431 U.S. at 75. Similarly, this Court in Pennington rejected "an absolute rule as to whether a plea hearing can be a full and fair hearing." 666 F.2d at 333. There is a fundamental difference, however, between the proper rejection of a per se rule that a state court's finding of voluntariness is conclusive and the majority's assertion that a state court's fact finding is entitled to no deference whatsoever.
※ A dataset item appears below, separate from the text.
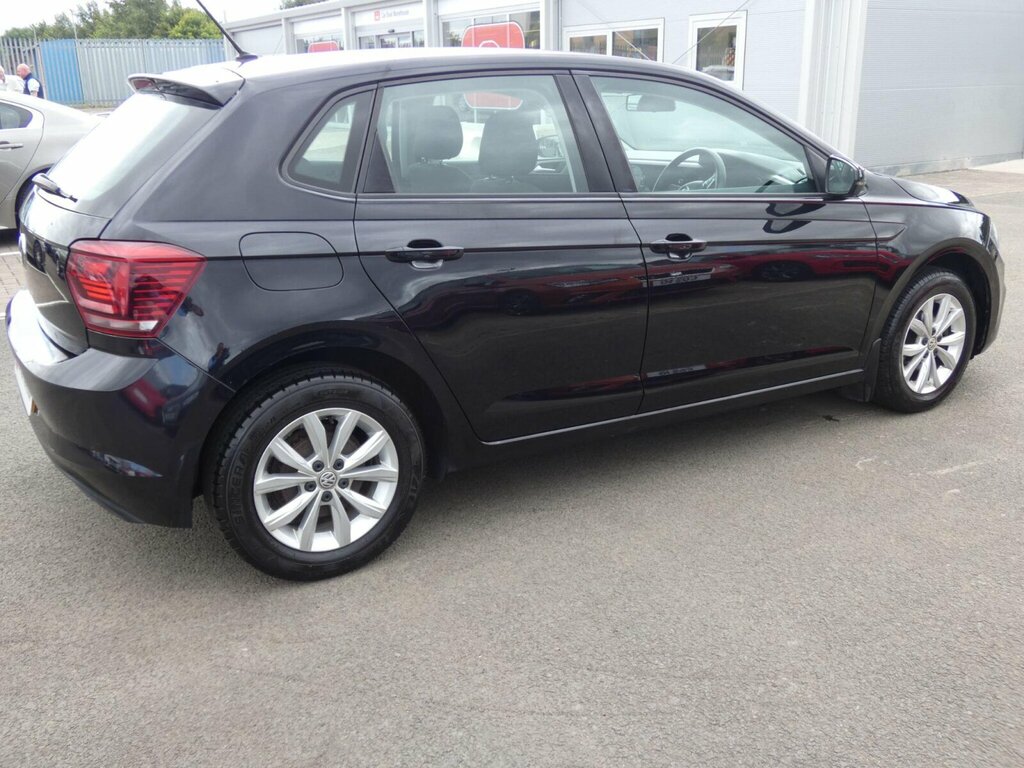 Volkswagen Polo Polo Beats Tsi Black #9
It is axiomatic that, in a federal habeas action, a state court's factual findings are presumed correct. See Antiterrorism and Effective Death Penalty Act of 1996, Pub.L. No. 104-132, Section(s) 104, 110 Stat. 1214, 1219 (1996) (amending 28 U.S.C. §(s) 2254(d) (1994)) (to be codified at 28 U.S.C. §(s) 2254(e)) ("a determination of a factual issue made by a State court shall be presumed to be correct"). This rule is fully applicable to the question of whether a petitioner's plea of guilty in a state court was voluntary. See Ford v. Lockhart, 904 F.2d 458, 461 (8th Cir. 1990) ("The district court correctly held that the state court factual determinations were entitled to a presumption of correctness under Sumner v. Mata, 449 U.S. 539, 544-47 (1981), because it found that none of the circumstances enumerated in 28 U.S.C. §(s) 2254(d) were shown to exist."). The majority's decision to disregard the state court's factual findings in this habeas matter thus ignores both statutory language and contradicts our own settled precedent.
This Court has not yet determined if the provisions of the Antiterrorism and Effective Death Penalty Act of 1996, Pub.L. No. 104-132, 110 Stat. 1214, should be applied retroactively to cases such as this, or if the earlier version of 28 U.S.C. §(s) 2254 should apply. See Oliver v. Wood, 96 F.3d 1106, 1108 n. 2 (8th Cir. 1996), petition for cert. filed, (U.S. Dec. 23, 1996) (No. 96-7182); Rehbein v. Clarke, 94 F.3d 478, 481 n. 4 (8th Cir. 1996). Under either version of the statute, however, a strong presumption of correctness is afforded state court findings of fact. The unamended version of Section(s) 2254 provided that a state court's "determination after a hearing on the merits of a factual issue . . . shall be presumed to be correct, unless [there exits one of a listed set of circumstances]." 28 U.S.C. Section(s) 2254(d) (1994). Weeks did not contend, and the majority has not held, that any of the enumerated circumstances exist in this case. The amended version of Section(s) 2254 provides that "a determination of a factual issue made by a State court shall be presumed to be correct. The applicant shall have the burden of rebutting the presumption of correctness by clear and convincing evidence." Antiterrorism and Effective Death Penalty Act Section(s) 104, 110 Stat. at 1219. Under either version of the statute, therefore, a strong — and unrebutted — presumption of correctness of the state court's factual finding exists.
I must also note that the majority's rule ignores the fundamental elements of federalism that must inform our habeas jurisprudence. See, e.g., Lehman v. Lycoming County Children's Servs. Agency, 458 U.S. 502, 515-16 (1982) (noting that "[t]he federal writ of habeas corpus, representing as it does a profound interference with state judicial systems and the finality of state decisions, should be reserved for those instances in which the federal interest in individual liberty is so strong that it outweighs federalism and finality concerns" (declining to extend habeas jurisdiction to child custody disputes)). In addition, I fear that the rule propounded by the majority can only ensure continued frivolous litigation by state prisoners challenging entirely proper guilty pleas. See, e.g., Blackledge v. Allison, 431 U.S. 63, 71 (1977) ("More often than not a prisoner has everything to gain and nothing to lose from filing a collateral attack upon his guilty plea.").